【連載】化粧品各社のイノベーション研究【13】オッペン化粧品① ~基幹業務統合システムで工場の在庫・物流コスト削減~

2016.02.23

特集

編集部

オッペン化粧品株式会社(大阪府吹田市)は、訪販系の化粧品メーカー。創業は1953年9月、「龍宝堂」として化粧品の製造販売を始めたのが起源。今年9月で創業63年を迎える古参企業。

オッぺん化粧品、滋賀工場と研究所現在、琵琶湖の南に位置する滋賀県草津市には、スキンケア、メークアップ、ヘア・ボディケアなど高品質の化粧品を一貫生産する滋賀工場、新成分や新素材を探索する基礎研究部門、基礎研究の成果を商品開発へ応用して至高の化粧品を開発する応用研究部門があり、同社の中枢拠点を成している(写真に滋賀工場を示す)。

滋賀工場は、品質マネジメントシステムの国際規格ISO9001を取得。品質管理体制を基盤として、化粧品などの品質の維持・向上に努めている。
製造の段階でバルク(内容物)に細菌やカビなどの微生物が混入していないか、チェックのため微生物試験を行い、合格したものだけを容器に充填。さらに充填した商品が本当に安全なものか確認するため、再度、微生物試験を実施し、すべての試験に合格した商品を出荷する。
また、新しく採用する原料は、全て基礎研究の段階で人パッチテストを行うなど安全性・信頼性を実現している。安全性試験は、研究員の皮膚に原料を貼り、皮膚に対する刺激性やアレルギー反応を調べるもの。研究開発でレシピができた段階で、微生物が入らないか、抗菌性があるかなどを調べる微生物試験を実施している。

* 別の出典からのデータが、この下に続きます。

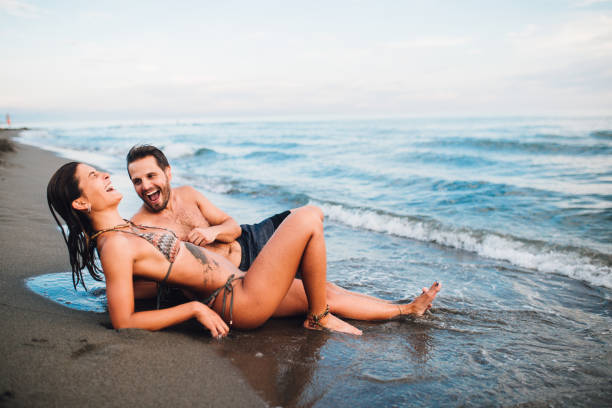 joven pareja tumbada en la playa y divirtiéndose - swimming trunks bikini swimwear red fotografías e imágenes de stock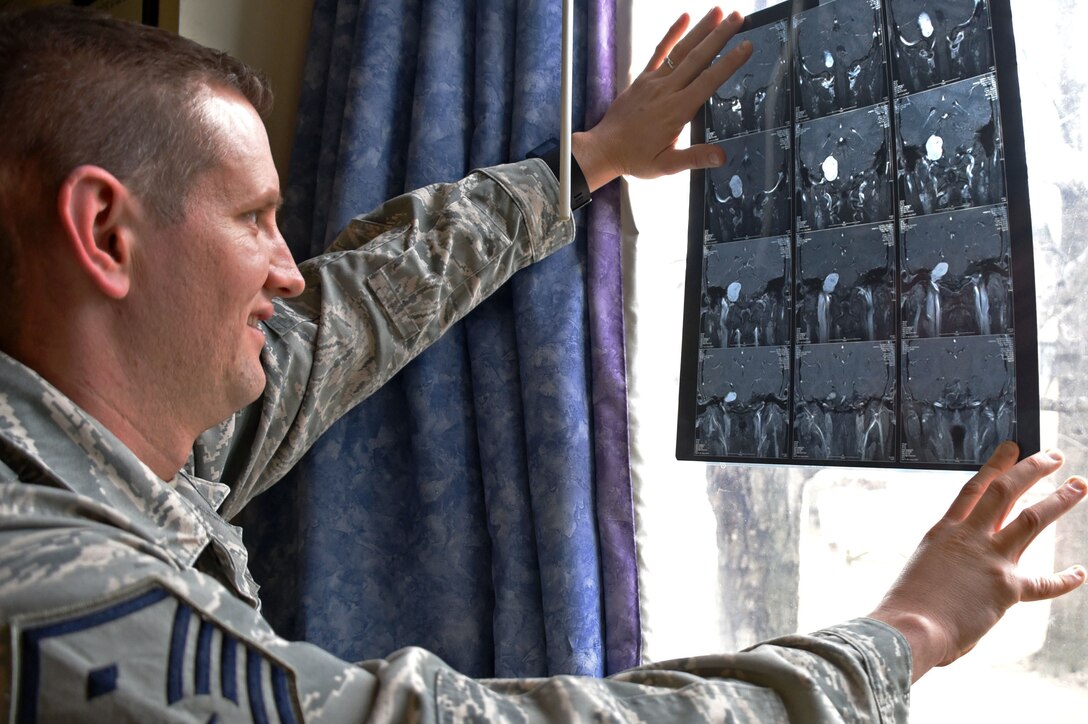 Air Force Master Sgt. Geoffrey VanDyck, the 707th Force Support Squadron’s first sergeant, views an image of the tumor found on his auditory nerve, at Fort Meade, Md.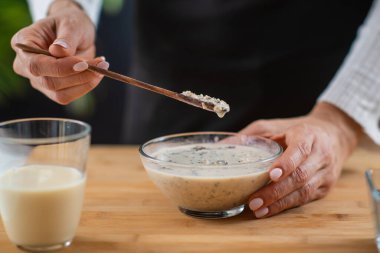 Yulaf, soya sütü ve bitki protein tozu içeren yulaf ezmesi hazırlayan kadın, sağlık ve lezzetin kaynaşmasını gösteriyor.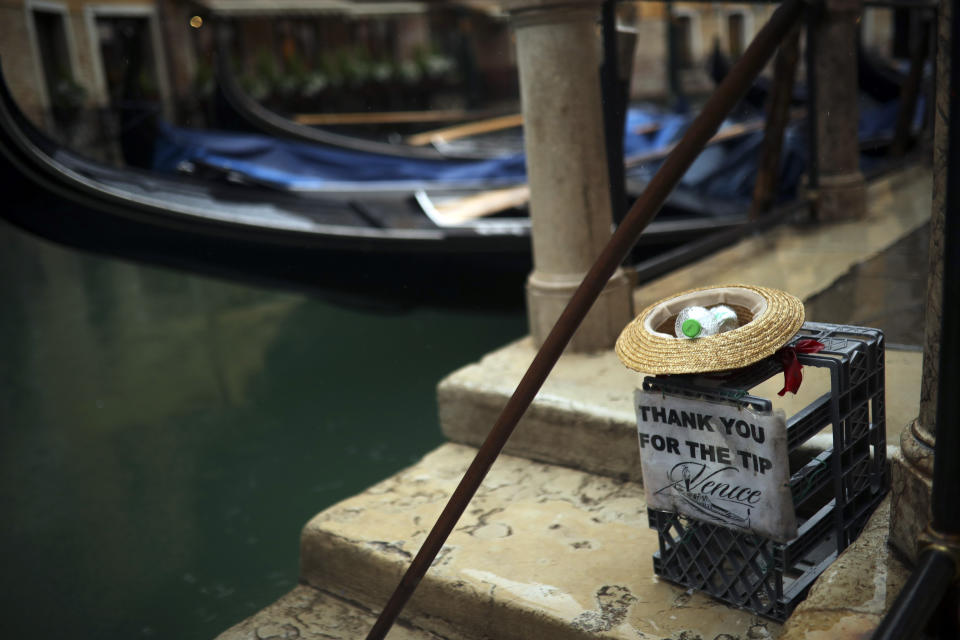 Gondolas are parked on a rainy day in Venice, Sunday, March 1, 2020. Italian tourism officials are worrying a new virus could do more damage to their industry than the Sept. 11 terror attacks. (AP Photo/Francisco Seco)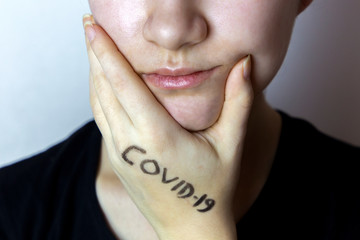 Girl touching face with hands with covid-19 written on it. Stop spreading virus. Don't touch face with dirty hands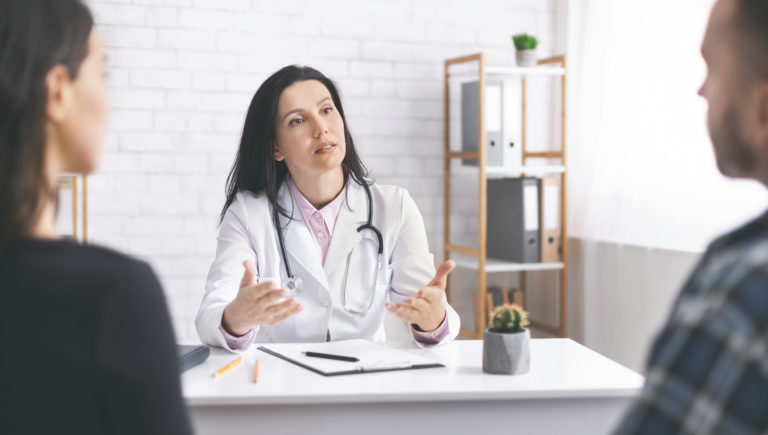 Physician explaining symptoms to patients during consultation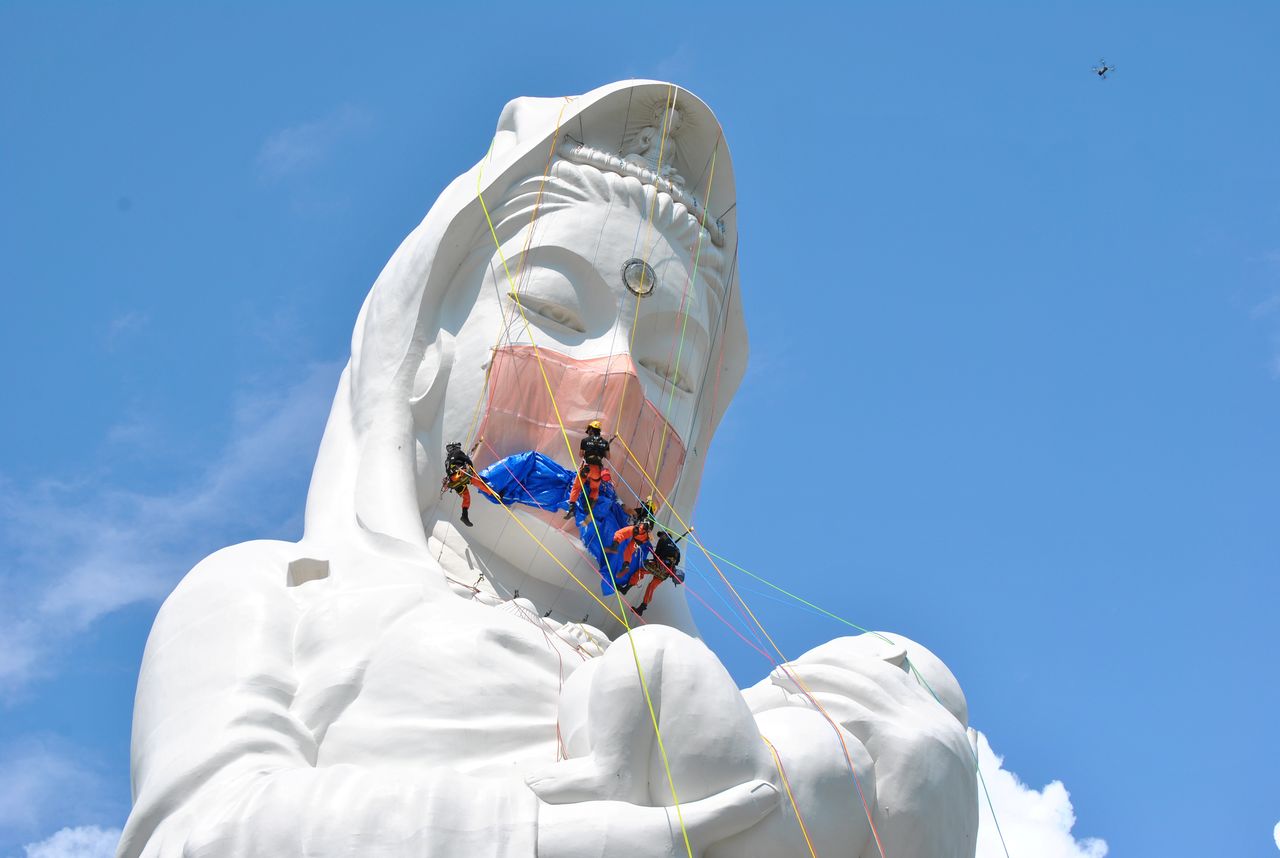 Workers place a mask on a 57-metre-high statue of Buddhist goddess Kannon to pray for the end of the coronavirus disease (COVID-19) pandemic at Houkokuji Aizu Betsuin temple in Aizuwakamatsu, Fukushima Prefecture, Japan in this handout photo taken on June 15 2021. Picture taken on June 15, 2021. Houkokuji Aizu Betsuin/Handout via REUTERS ATTENTION EDITORS - THIS IMAGE HAS BEEN SUPPLIED BY A THIRD PARTY. NO RESALES. NO ARCHIVES. MANDATORY CREDIT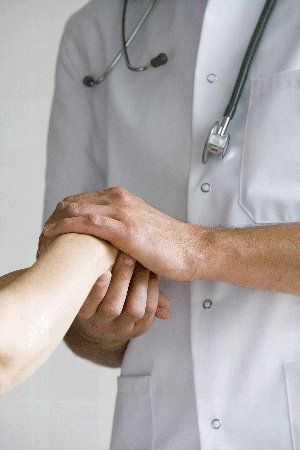doctor-holding-patients-hand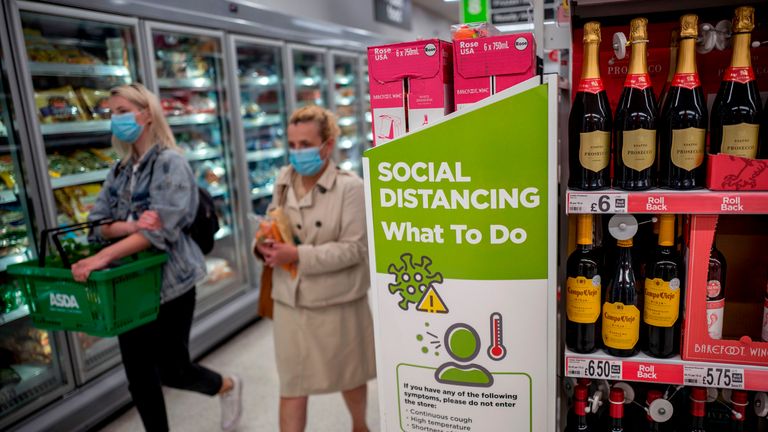 Shoppers wearing PPE (personal protective equipment), of a face mask or covering as a precautionary measure against spreading COVID-19,, walk past a banner advising customers to maintain the British government's current social distancing guidelines and stay two metres (2M) apart, inside an Asda supermarket store in Walthamstow, east London on June 22, 2020. - Britain's current social distancing guidelines set the distance between each person at two metres to avoid the risk of contamination to coronavirus. There is pressure on the government to reduce this distance in order to give a boost to bars, restaurants and hotels, which are scheduled to reopen next month. (Photo by Tolga AKMEN / AFP) (Photo by TOLGA AKMEN/AFP via Getty Images)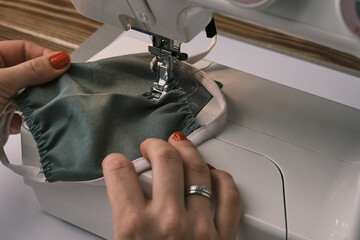 Naklejka premium Woman sewing cloth cotton face mask to protect from corona virus. Homemade handicraft protective mask against covid 19. 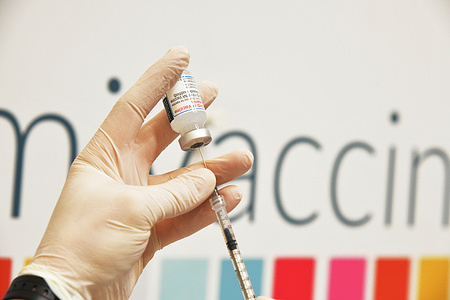A doctor prepares a booster dose of Moderna Covid-19 vaccine to patients in a vaccination hub. Today there are 180,426 positive positive cases of covid-19 and 308 death.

同社は、経営の効率化やスピード化などを図る目的で、2003年に企業活動全般にわたる業務を全社的に統合した企業情報システム「統合基幹業務システム」(ERP)を構築した。
同基幹業務システムは、生産計画・発注・仕入・出荷・在庫・原価に至るすべてのデータを一元的に管理するもの。
滋賀工場では、同基幹業務システムの構築に合わせて、生産情報システムを導入・運用した。
滋賀工場に導入した同統合システム連動の生産情報システムは、生産業務をソフトウェアの機能に合わせるという発想パッケージソフトを採用し、システムの構築を図った。
現在、滋賀工場は、会計、営業などのシステムと連動して販売データから導き出される需要予測や販売戦略に沿った計画生産、業務の標準化を実現。同時に、生産と物流の連携により、原材料購入の適正化と在庫圧縮、物流コストの削減を図るなど大きな変貌(イノベーション)を遂げている。